The Protestant Church Berlin-Brandenburg-Silesian Upper Lusatia cannot offer weekly religious instruction at every school in the capital due to financial and human resources reasons.
“We would very much like to offer religious instruction wherever it is desired”, Heike Krohn-Bräuer, spokeswoman for the Protestant Church in the area told news agency Idea.
Even in the future, “there will be a a lack of religious teachers for the Protestant church, which means that not all students who would like to receive religious instruction may be eligible”, she added.
500 PROTESTANT TEACHERS
The spokeswoman emphasized that the means of the members must be handled responsibly.

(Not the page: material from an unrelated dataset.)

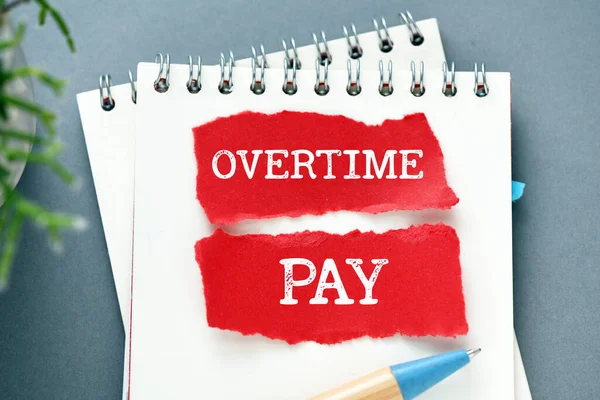 OVERTIME PAY words on small pieces of paper and a notebook.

Therefore, religious education can only be offered within the scope of the corresponding possibilities.
In the area of the Evangelical Church Berlin-Brandenburg-Silesian Upper Lusatia, there are about 500 Protestant teachers of religion, who can only cover about 70 % of schools in Berlin.

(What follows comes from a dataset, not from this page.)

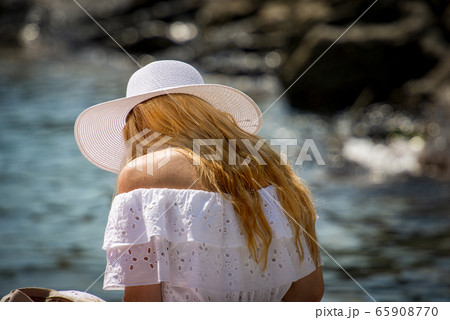 Young blonde woman with white sun hat on the beach 65908770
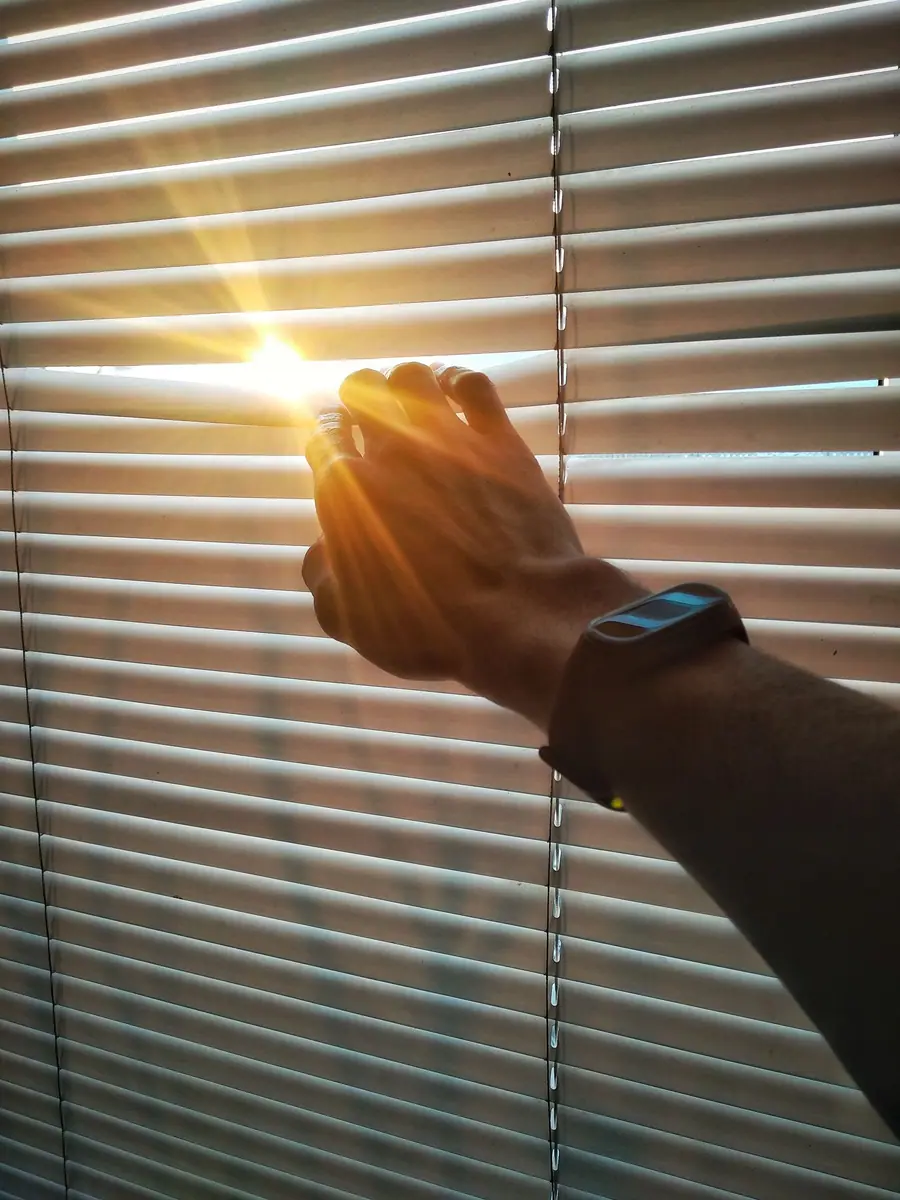Hand parting window blinds with bright sun flaring through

The state of Berlin assumes the cost of a religion teacher to 90%, but only from a certain class size. The minimum size of a group should not average less than eight students.
Since 2012, the number of participants has increased slightly year on year. However, in October 2017, the participation rate dropped from 23.1 to 22.1%.

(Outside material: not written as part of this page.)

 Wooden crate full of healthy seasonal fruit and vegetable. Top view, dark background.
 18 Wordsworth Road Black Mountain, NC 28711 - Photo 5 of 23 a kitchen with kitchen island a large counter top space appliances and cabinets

This has affected many schools, such as the Teltow Primary school in the Berlin , where the average size of the study groups is too small, so that Protestant religion can no longer be taught and only Islamic classes are on the curriculum for the new school year.
“CHILDREN ENCOUNTER RELIGION” PROJECT
According to Krohn-Bräuer, the regional church offers an alternative project in schools where religious education can not be offered.
It is a one-week project called “Children encounter religio”",in which students visit churches, synagogues and other religious sites.
The religious education is not a proper subject in the capital, but a voluntary offer of the churches.
There has been much discussion about the general shortage of teachers in Germany's schools, the worst in three decades, for several weeks.
According to the Teachers' Association, there are nearly 40,000 teachers missing from all over Germany and 10,000 vacancies.